Wird "Containern" bald straflos?
Aneignung von Lebensmitteln aus Müllcontainern darf nicht mehr strafbar sein. Nach zwei Jahren regierten Minister. Warum die Vorschläge aus dem Kabinett enttäuschen.
Hinter dem Begriff "Containern" verbirgt sich nicht mehr nur ein gesellschaftliches Phänomen, sondern auch eine politische Debatte. Es geht um die Frage, ob und inwiefern man das Retten von Lebensmitteln aus Müllcontainern von Supermärkten in Deutschland straflos stellen kann.
Ausgangspunkt der politischen Debatte war ein Fall aus Bayern, bei dem zwei Studentinnen, die im Juni 2018 containert hatten, wegen Diebstahls verurteilt wurden. Das daraufhin angerufene Bundesverfassungsgericht beanstandete diese Verurteilung zwar nicht als verfassungswidrig. Dennoch galt die Entscheidung aus Karlsruhe vielen als Weckruf.
Dies liegt nicht zuletzt an den deutlichen Worten, die die Verfassungsrichter für die aktuelle rechtliche Situation beim Containern gefunden haben. So heißt es im Beschluss (NJW 2020, 2953) unter anderem:
Der Gesetzgeber, der bisher Initiativen zur Entkriminalisierung des Containerns nicht aufgegriffen hat, ist insofern frei, das zivilrechtliche Eigentum auch in Fällen der wirtschaftlichen Wertlosigkeit der Sache mit Mitteln des Strafrechts zu schützen.
Weiter liest man dort:
Es ist aber grundsätzlich Sache des Gesetzgebers, den Bereich strafbaren Handelns unter Berücksichtigung der jeweiligen Lage verbindlich festzulegen.
Das Bundesverfassungsgericht hat den Ball also schon 2020 dem Gesetzgeber zugespielt. Spätestens ab diesem Zeitpunkt ist klar, dass im Kampf gegen Lebensmittelverschwendung auch im Hinblick auf das Containern etwas passieren muss.
Erste Änderungsvorschläge kamen zwar schnell, insbesondere von der Linkspartei, die sich mit ihrem Gesetzentwurf "Entkriminalisierung des Containerns von Lebensmitteln" (BT-Drs. 20/4421) vom 20. November 2020 für eine Änderung im Strafgesetzbuch aussprach.
Bis das Thema jedoch auch von den Regierungsparteien im Bund aufgegriffen wurde, hat es gedauert. Und bis eine Lösung gefunden ist, wird es wohl noch länger dauern.

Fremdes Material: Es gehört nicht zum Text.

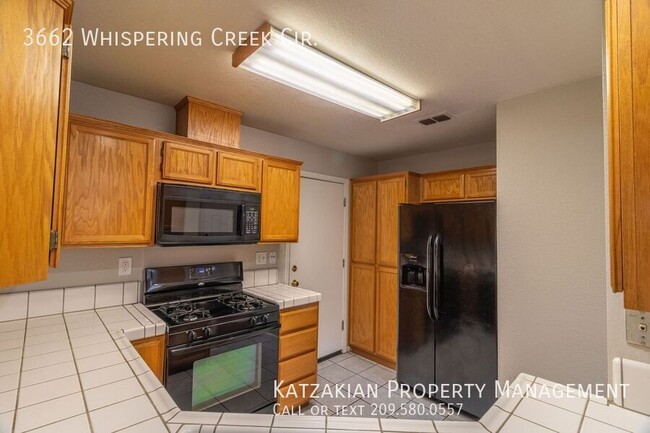 Building Photo - Charming Single Story 3 Bedroom 2 Bath Hou...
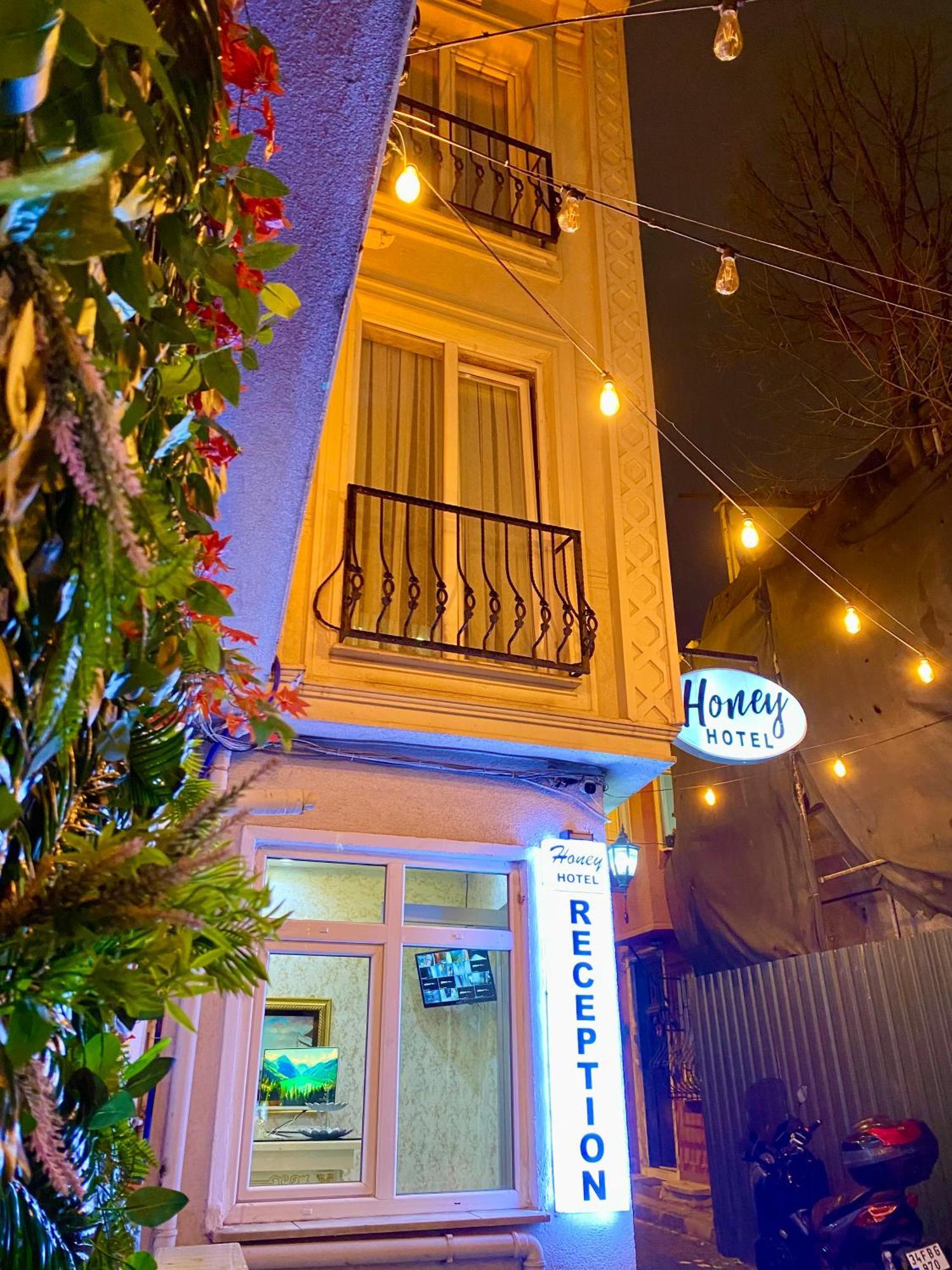 Honey Hotel 3*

In der aktuellen Debatte um den Hamburger Vorschlag zur Novellierung der Richtlinien für das Straf- und Bußgeldverfahren, kurz RiStBV, ist von einem Konsens der Bundesländer jedenfalls noch nicht die Rede.
Ziel dieser Novellierung ist es, eine neue Nummer 235a in die RiStBV einzufügen. Diese neue Nummer gibt – vereinfacht gesagt – den Staatsanwaltschaften auf, Diebstahlverfahren wegen Containerns regelmäßig aus Opportunitätsgründen einzustellen. Für diesen Vorschlag wirbt neuerdings auch der Bundesjustizminister.
Damit macht er es sich allerdings sehr einfach. Es scheint beinahe so, als sei er spontan auf das Thema aufgesprungen. Mit Blick auf den zeitlichen Verlauf erhärtet sich dieser Verdacht; man denke nur an die Fallhistorie: Container-Tat im Juni 2018, Verurteilung durch das Amtsgericht im Januar 2019, Sprungrevisionsverwerfung im Oktober 2019, Entscheidung des Bundesverfassungsgerichts im August 2020.
Lebensmittelverschwendung ist längst keine Randmaterie mehr und der Kampf dagegen gehört auf einer politischen Agenda nach oben – und das nicht nur bei Gelegenheit.
Ferner greift der vom Bundesjustizminister favorisierte Lösungsvorschlag zu kurz. Eine entsprechende Novellierung der RiStBV kann im Unterschied zu einer gesetzlichen Änderung bestenfalls für – faktische – Straflosigkeit sorgen.
Das bedeutet: Gegen die Betroffenen werden zunächst weiterhin Strafverfahren eingeleitet und der Staatsanwaltschaft bleibt es dabei unbenommen, im Ausnahmefall von einer Einstellung dieser Verfahren abzusehen. Echte Straflosigkeit sieht anders aus.
Es herrscht also berechtigte Enttäuschung vor allem bei den Menschen, die sich mithilfe des Containerns aktiv gegen Lebensmittelverschwendung einsetzen und die sich diesbezüglich gern vor Strafverfolgung geschützt sähen.